Grazie a micropipette di vetro posizionate sulle cellule nervose, sono riusciti ad “ascoltare” le
comunicazioni tra cellule nervose interconnesse con una precisione nanometrica.

È emerso che le connessioni tra neuroni della neocorteccia (sinapsi) lavoravano con la massima
efficienza in un momento preciso delle oscillazioni, «immediatamente dopo che la carica elettrica è
salita da bassa ad alta» spiega Franz Xaver Mittermaier, primo autore dello studio.
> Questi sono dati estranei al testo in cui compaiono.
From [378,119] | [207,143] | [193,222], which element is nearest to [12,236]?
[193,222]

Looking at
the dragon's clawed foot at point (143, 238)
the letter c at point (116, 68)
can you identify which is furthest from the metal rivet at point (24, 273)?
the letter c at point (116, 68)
«In quella breve finestra di tempo, possiamo immaginare la corteccia come in uno stato di elevata
recettività. Se il cervello ripropone un ricordo esattamente in quel momento, esso è trasferito alla
memoria a lungo termine in maniera particolarmente efficace. Quindi, è evidente che il sonno a onde
lente supporta la formazione della memoria rendendo la neocorteccia recettiva al massimo, e per
molti brevi periodi di tempo».

Sonno profondo per migliorare la memoria

La scoperta potrebbe servire ad affinare strategie per potenziare la memoria, laddove questa sia
deteriorata in modo patologico (per esempio, in pazienti anziani con decadimento cognitivo lieve
(Mild Cognitive Impairment, MCI).

Diversi gruppi di ricerca stanno infatti lavorando a metodi per influenzare, attraverso segnali
elettrici o acustici, l’andamento delle onde elettriche durante il sonno. Lo studio precisa qual è
la finestra di tempo nella quale queste oscillazioni agiscono sulla memoria con maggiore efficacia.